One of the 3 main plots of ‘Traffic’, the Oscar-winning movie in 2001, was about a general who was waging war against a drug cartel in Mexico. Applauded by the Americans at first, he was later found out to be working for a rival cartel.
In Burma, the plot is being played again and again by the country’s rulers. The only difference is that while the Mexican general was exposed and sent to jail, his counterparts in Burma are still getting away with it.
They had used Khun Sa against the Kuomintang, later the Wa against Khun Sa, and now the militias created by them against the Wa. The surprising thing is the worn-out strategem still works and the generals are still getting international support for not doing the job.
That was the picture the authors of the Shan Drug Watch had been trying to portray since Show Business, their first report in 2003.
The latest one, Shan Drug Watch 2011, also sticks to the original theme. It however has a curious twist:
In their attempts to canvass votes from the local people, many candidates from the military’s proxy party, Union Solidarity and Development Party (USDP), better known as the Lion Party for its logo, had promised farmers would be allowed to grow poppies without fear of persecution. The result was the upsurge of production and output in Burma’s Shan State, especially in the north, where at least 7 of the militia leaders were “elected”:
- 1 as an Upper House representative
- 2 as Lower House representatives, and
- 4 as Shan State Assembly representatives
leading to the saying, “The army gets (opium) taxes and the lion gets votes.”

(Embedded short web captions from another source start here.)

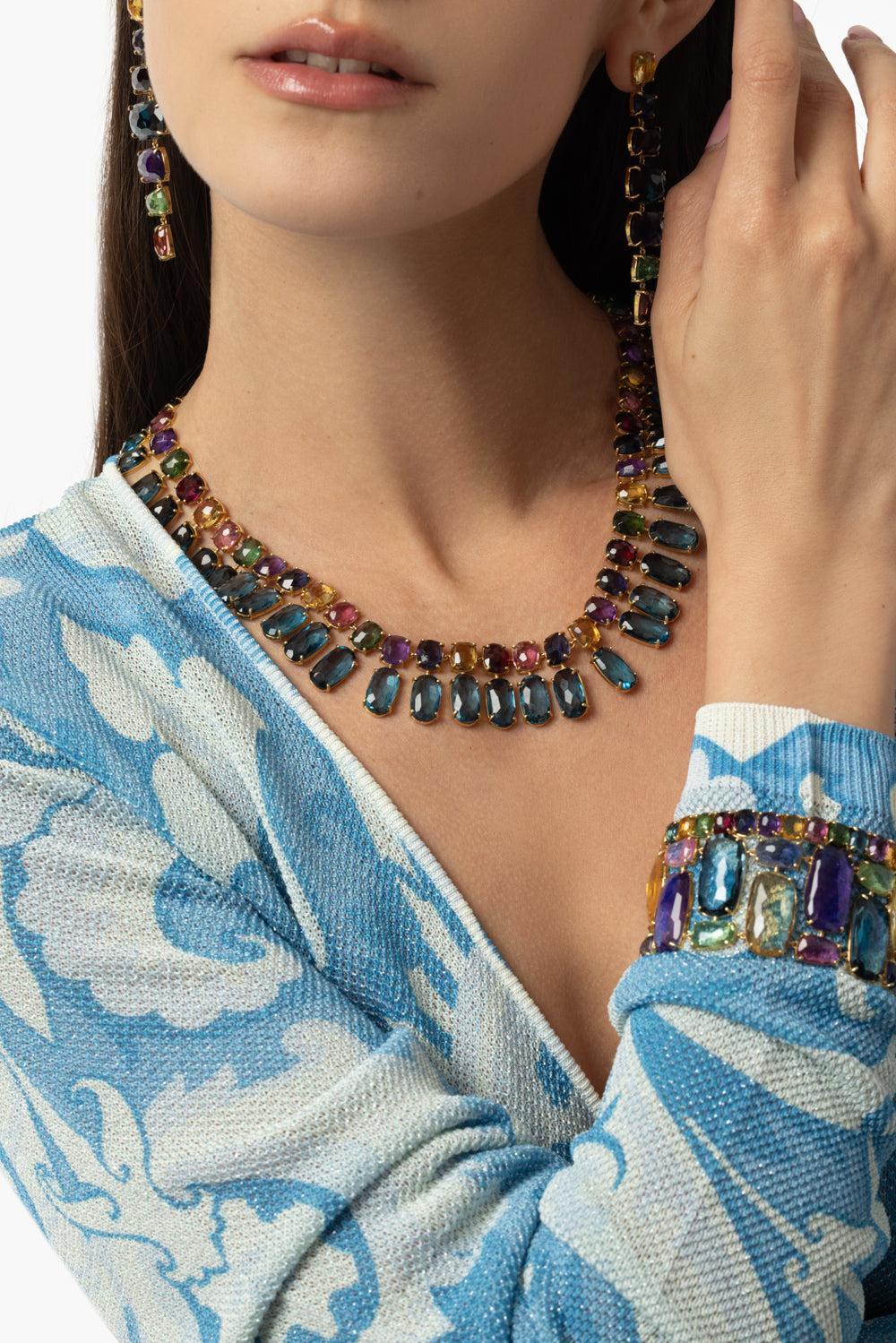 Master Piece Mixed Gemstone Bracelet-YELLOW GOLD-7.5-JEWELRYFINE JEWELBRACELET O-MARCO BICEGO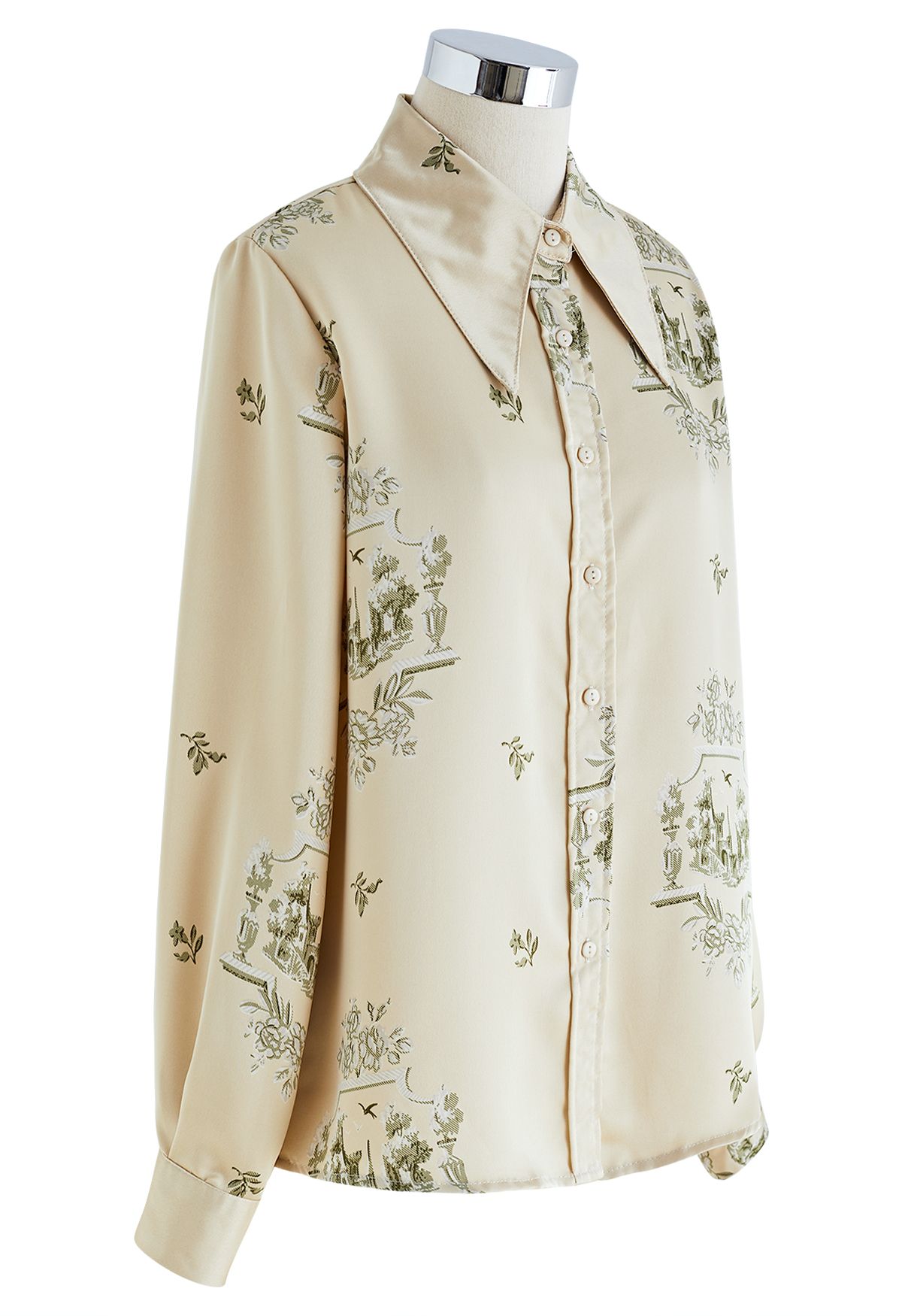 Camisa con botones de satén con estampado floral de castillo en pistacho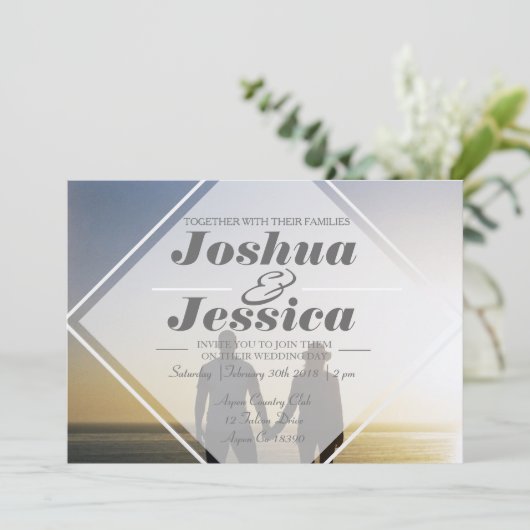 Moderne Stedelijke Overlay | Aangepaste Fototrouwf Kaart (Staand voorkant)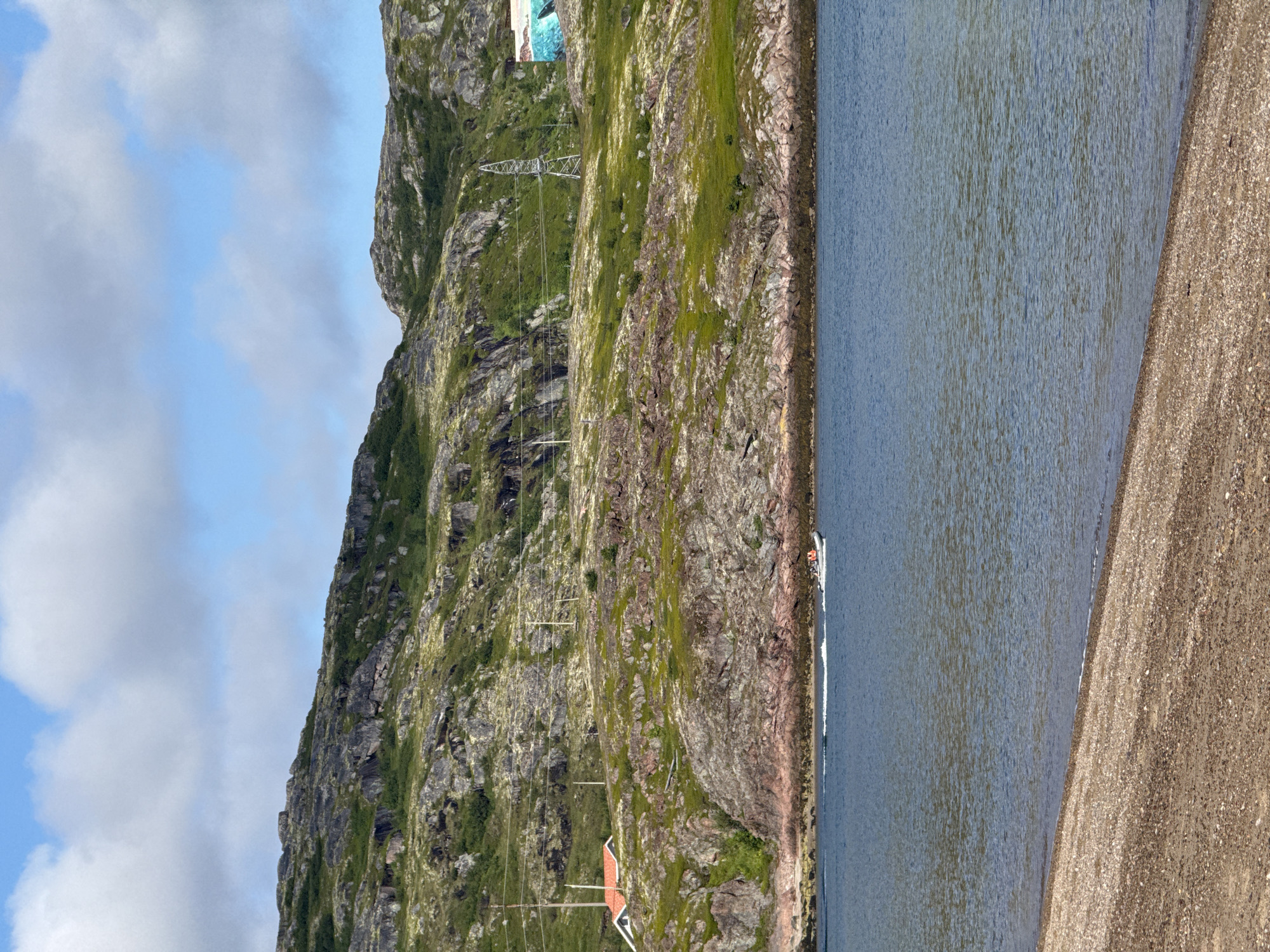 Summer morning on the beach and bay in Teriberka, Russia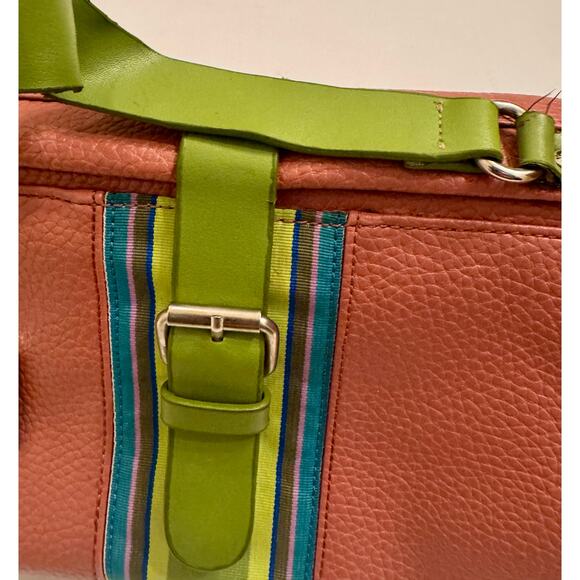Tommy Hilfiger Pink/Green Shoulder Bag w/Charm Y2K Front Snap - Picture 6 of 9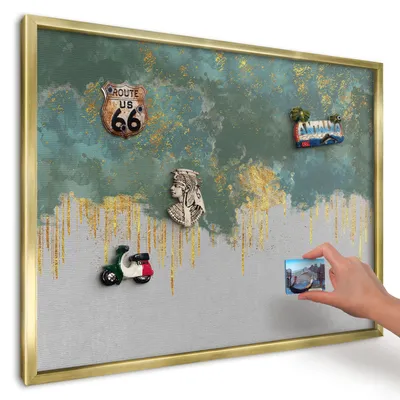 Produktbild von Magnettafel 70x50 cm mit goldenem Rahmen - Magnetische Metalltafel, Magnetpinnwand zur Wandmontage für Wohnzimmer, Küche, Flur, Kinderzimmer und Büro - Türkis-Abstraktion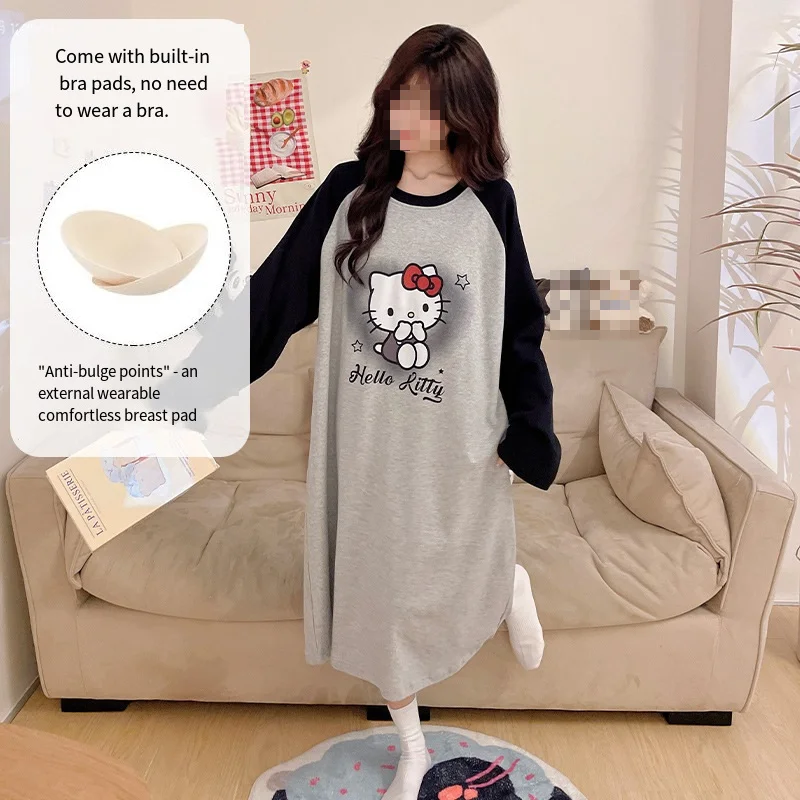 

Sanrio Hello Kitty Young Girl Nightdress Kawaii Cartoon Student Long Sleeves Pajamas with A Breast Pad Homewear Set New Style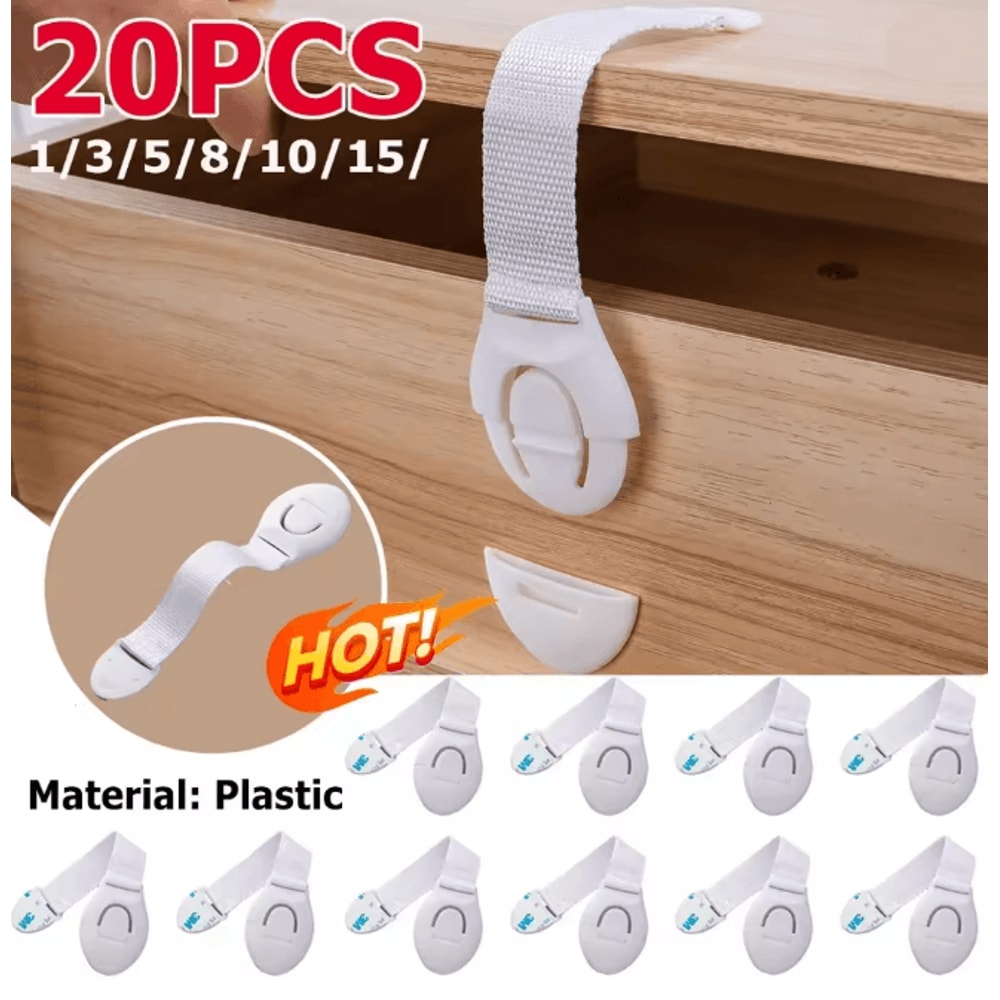 SecureFlex Child Safety Strap Locks No Drill Cabinet And Drawer Protection 0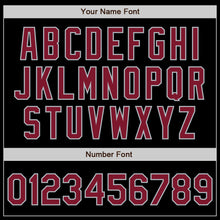 Laden Sie das Bild in den Galerie-Viewer, Custom Black Crimson-Gray Authentic Baseball Jersey
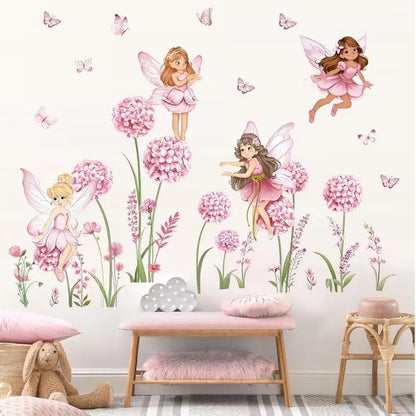 Z. Cartoon Pink Flower Fairy Dandelion Wall Stickers Girl Room Floral Butterfly Wall Decals Bedroom Baby Nursery Kids Home Decor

While nobody’s sure whether it was a deliberate flounce of their own 15 year master plan to eradicate opium production, reports coming from all three parts of Shan State confirmed that the weather, both seasonal and political, had been favorable:
Out of 55 townships there, 45 were confirmed as poppy growers and 5 as non-growers (4 Wa and 1 Mongla).
Only 5 townships remain arguably free from poppy fields.
Apart from Shan State, opium poppy is also grown in Kachin, Karenni (Kayah), Arakan and Chin states and Sagaing, Mandalay and Magwe divisions (now renamed regions).
It seems clear that as long as the country’s rulers are making war on their own people, they will need more troops and allies (those that can be bought with drug licenses). More troops and allies mean they will continue to be a heavy burden to the populace who are required to feed, clothe and pay them.
The only way out of it will be a national reconciliation built on the trust of the people, especially the non-Burmans, who have been calling upon successive rulers to honor the 1947 Panglong Agreement that had created a merger with the lowland Burma. Its promises: autonomy in internal affairs, human righs and democracy must be fulfilled.
Only this will assure there will be no more war and hence no more need for a large army and paramilitaries. This will in turn keep out hungry investors who are looking for havens, where they can make more money through drugs.